Examining the claims of Jonathan Neville and the Heartland movement

Monday, March 4, 2019

But Peter, how do we get to Neville Land?

In this post we’re going to take a look at one of the more astounding claims in Jonathan Neville’s March 3, 2019, blog entry, “The 3 Cumorahs.”

Neville writes:
The trend toward M2C* accelerated into the present (2019) [has been] accompanied by three developments.

1. CES and BYU stopped teaching students what the prophets have taught about Cumorah [being the hill in New York].

2. CES and BYU taught people about M2C, which was also supported by Church media, visitors centers, etc.

2. [sic] CES and BYU began teaching the Book of Mormon using computer-generated “abstract maps” that depicted Book of Mormon events in a fictional fantasy setting.

By now, most youth and young adults have been taught with these fantasy maps.

Going forward, it seems likely that the fantasy maps will become even more widespread, with the consequence that more members of the Church will naturally conclude that Cumorah is entirely fictional.
By “fantasy maps,” Neville means internal maps that use descriptions in the book itself to reconstruct Mormon’s understanding of the world of the Nephites.
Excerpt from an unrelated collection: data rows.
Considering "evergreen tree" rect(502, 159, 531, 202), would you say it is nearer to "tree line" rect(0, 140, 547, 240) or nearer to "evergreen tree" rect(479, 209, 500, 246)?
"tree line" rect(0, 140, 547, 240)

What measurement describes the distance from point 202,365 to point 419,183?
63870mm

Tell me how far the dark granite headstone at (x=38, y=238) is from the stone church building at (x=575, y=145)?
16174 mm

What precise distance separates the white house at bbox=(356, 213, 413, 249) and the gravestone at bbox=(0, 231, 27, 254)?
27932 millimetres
Since we don’t know exactly where the Book of Mormon took place, internal maps—like the ones published by the Church for over forty years—can help the reader get a sense of place and distance in the text.
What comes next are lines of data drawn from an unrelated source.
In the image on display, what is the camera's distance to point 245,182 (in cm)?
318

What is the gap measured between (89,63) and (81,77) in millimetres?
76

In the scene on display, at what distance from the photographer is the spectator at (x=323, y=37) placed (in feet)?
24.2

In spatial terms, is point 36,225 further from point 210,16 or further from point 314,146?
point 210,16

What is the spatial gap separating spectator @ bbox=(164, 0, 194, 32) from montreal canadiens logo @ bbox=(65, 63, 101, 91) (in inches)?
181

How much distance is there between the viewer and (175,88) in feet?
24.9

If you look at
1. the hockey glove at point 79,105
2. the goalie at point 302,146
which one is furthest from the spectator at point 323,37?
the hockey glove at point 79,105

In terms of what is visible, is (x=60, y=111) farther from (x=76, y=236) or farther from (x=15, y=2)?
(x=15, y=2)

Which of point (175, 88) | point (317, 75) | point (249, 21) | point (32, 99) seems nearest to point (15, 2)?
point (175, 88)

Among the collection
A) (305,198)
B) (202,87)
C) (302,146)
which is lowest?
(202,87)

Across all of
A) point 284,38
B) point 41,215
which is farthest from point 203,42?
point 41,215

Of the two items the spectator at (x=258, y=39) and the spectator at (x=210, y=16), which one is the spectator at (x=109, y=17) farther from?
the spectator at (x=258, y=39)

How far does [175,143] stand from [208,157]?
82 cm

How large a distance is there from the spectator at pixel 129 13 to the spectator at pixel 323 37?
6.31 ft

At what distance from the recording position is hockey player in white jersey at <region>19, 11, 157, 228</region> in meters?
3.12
Neville believes that using internal maps leads to a loss of faith in the historicity of the Book of Mormon. What evidence does he have that this supposed trend is taking place?

He doesn’t have any, so he made some up.

I am not joking. Look at this chart he created:


Neville’s fantasy chart, depicting data from his imagination


According to Neville’s made-up chart, since the 1920s one in five Latter-day Saints has believed that the hill Cumorah is not in New York and, since 2001, an increasing number of Saints (now close to 25%) believe in a “Cumorah fantasy map.”

Does Neville have any survey or polling data to back up his chart? He doesn’t say so, so we’re forced to conclude that he doesn’t. He believes it, so he made up a chart that shows what he believes is happening.

He completely ignores the fact that Latter-day Saints have been using internal Book of Mormon maps long before 2001. This map was published by the Church in 1979 in the widely-used Book of Mormon Institute manual:


Click to enlarge.

So why the sudden LDS belief in what Neville calls a “Book of Mormon fantasy map,” beginning only in 2001? Neville doesn’t tell us. Why? Not even he knows, because his data are completely fabricated. (Neville even has the temerity to project his fictional Latter-day Saint views twenty years into the future!)

This is a prime example of Heartlander claims in general and the claims of Jonathan Neville in particular: If there’s no evidence to back up a claim, then make it up. Don’t like Joseph Smith’s editorials about Book of Mormon lands in Central America? Claim that Benjamin Winchester conspired to harm the Prophet and his teachings! Concerned that there’s no way a sea west fits into a Heartland Book of Mormon geography? Claim that the Nephites called the Mississippi River a “sea”! (Even if that river was east of Zarahemla, not west.) And on and on.

This is how to get to Neville Land, Wendy: make up evidence that supports what you believe is true.

—Peter

* “M2C” is Jonathan Neville’s acronym for the theory that the Book of Mormon took place in Mesoamerica and that the hill Cumorah in the Book of Mormon is not the same hill in New York where Joseph Smith received the plates of Mormon.